Required work.
From the first line to the last, write out the data below exactly.

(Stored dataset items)
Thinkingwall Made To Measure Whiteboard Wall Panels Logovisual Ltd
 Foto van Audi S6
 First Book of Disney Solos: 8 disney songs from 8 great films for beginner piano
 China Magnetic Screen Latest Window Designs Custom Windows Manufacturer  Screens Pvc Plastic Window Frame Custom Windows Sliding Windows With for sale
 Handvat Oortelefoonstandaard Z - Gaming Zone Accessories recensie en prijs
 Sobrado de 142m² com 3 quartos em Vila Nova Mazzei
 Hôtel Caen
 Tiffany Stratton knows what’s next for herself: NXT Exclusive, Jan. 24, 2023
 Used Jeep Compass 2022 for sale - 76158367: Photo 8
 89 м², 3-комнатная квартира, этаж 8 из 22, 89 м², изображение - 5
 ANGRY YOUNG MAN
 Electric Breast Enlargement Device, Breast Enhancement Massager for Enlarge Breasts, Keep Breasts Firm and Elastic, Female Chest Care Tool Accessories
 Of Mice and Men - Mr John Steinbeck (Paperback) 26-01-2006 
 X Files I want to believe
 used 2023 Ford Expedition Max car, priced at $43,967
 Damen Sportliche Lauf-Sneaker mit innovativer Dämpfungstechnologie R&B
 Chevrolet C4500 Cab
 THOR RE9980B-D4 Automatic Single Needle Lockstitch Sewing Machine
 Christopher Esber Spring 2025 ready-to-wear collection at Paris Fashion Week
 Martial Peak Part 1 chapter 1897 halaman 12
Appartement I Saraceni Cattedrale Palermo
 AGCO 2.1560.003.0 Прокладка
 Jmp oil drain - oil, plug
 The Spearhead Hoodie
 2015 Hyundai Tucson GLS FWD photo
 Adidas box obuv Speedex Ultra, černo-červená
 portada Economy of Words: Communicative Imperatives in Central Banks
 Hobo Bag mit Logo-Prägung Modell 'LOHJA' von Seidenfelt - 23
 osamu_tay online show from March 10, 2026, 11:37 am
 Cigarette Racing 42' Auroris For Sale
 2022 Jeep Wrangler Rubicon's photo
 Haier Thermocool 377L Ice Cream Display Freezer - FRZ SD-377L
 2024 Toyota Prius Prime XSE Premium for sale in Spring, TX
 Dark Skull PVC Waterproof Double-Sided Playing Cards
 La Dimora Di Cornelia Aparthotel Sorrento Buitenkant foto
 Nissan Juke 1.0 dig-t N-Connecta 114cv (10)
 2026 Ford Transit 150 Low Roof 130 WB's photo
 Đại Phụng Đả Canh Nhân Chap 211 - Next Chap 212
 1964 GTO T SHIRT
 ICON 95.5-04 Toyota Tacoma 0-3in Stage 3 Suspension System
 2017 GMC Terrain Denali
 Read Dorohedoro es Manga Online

Exercise answer.
Thinkingwall Made To Measure Whiteboard Wall Panels Logovisual Ltd
 Foto van Audi S6
 First Book of Disney Solos: 8 disney songs from 8 great films for beginner piano
 China Magnetic Screen Latest Window Designs Custom Windows Manufacturer  Screens Pvc Plastic Window Frame Custom Windows Sliding Windows With for sale
 Handvat Oortelefoonstandaard Z - Gaming Zone Accessories recensie en prijs
 Sobrado de 142m² com 3 quartos em Vila Nova Mazzei
 Hôtel Caen
 Tiffany Stratton knows what’s next for herself: NXT Exclusive, Jan. 24, 2023
 Used Jeep Compass 2022 for sale - 76158367: Photo 8
 89 м², 3-комнатная квартира, этаж 8 из 22, 89 м², изображение - 5
 ANGRY YOUNG MAN
 Electric Breast Enlargement Device, Breast Enhancement Massager for Enlarge Breasts, Keep Breasts Firm and Elastic, Female Chest Care Tool Accessories
 Of Mice and Men - Mr John Steinbeck (Paperback) 26-01-2006 
 X Files I want to believe
 used 2023 Ford Expedition Max car, priced at $43,967
 Damen Sportliche Lauf-Sneaker mit innovativer Dämpfungstechnologie R&B
 Chevrolet C4500 Cab
 THOR RE9980B-D4 Automatic Single Needle Lockstitch Sewing Machine
 Christopher Esber Spring 2025 ready-to-wear collection at Paris Fashion Week
 Martial Peak Part 1 chapter 1897 halaman 12
Appartement I Saraceni Cattedrale Palermo
 AGCO 2.1560.003.0 Прокладка
 Jmp oil drain - oil, plug
 The Spearhead Hoodie
 2015 Hyundai Tucson GLS FWD photo
 Adidas box obuv Speedex Ultra, černo-červená
 portada Economy of Words: Communicative Imperatives in Central Banks
 Hobo Bag mit Logo-Prägung Modell 'LOHJA' von Seidenfelt - 23
 osamu_tay online show from March 10, 2026, 11:37 am
 Cigarette Racing 42' Auroris For Sale
 2022 Jeep Wrangler Rubicon's photo
 Haier Thermocool 377L Ice Cream Display Freezer - FRZ SD-377L
 2024 Toyota Prius Prime XSE Premium for sale in Spring, TX
 Dark Skull PVC Waterproof Double-Sided Playing Cards
 La Dimora Di Cornelia Aparthotel Sorrento Buitenkant foto
 Nissan Juke 1.0 dig-t N-Connecta 114cv (10)
 2026 Ford Transit 150 Low Roof 130 WB's photo
 Đại Phụng Đả Canh Nhân Chap 211 - Next Chap 212
 1964 GTO T SHIRT
 ICON 95.5-04 Toyota Tacoma 0-3in Stage 3 Suspension System
 2017 GMC Terrain Denali
 Read Dorohedoro es Manga Online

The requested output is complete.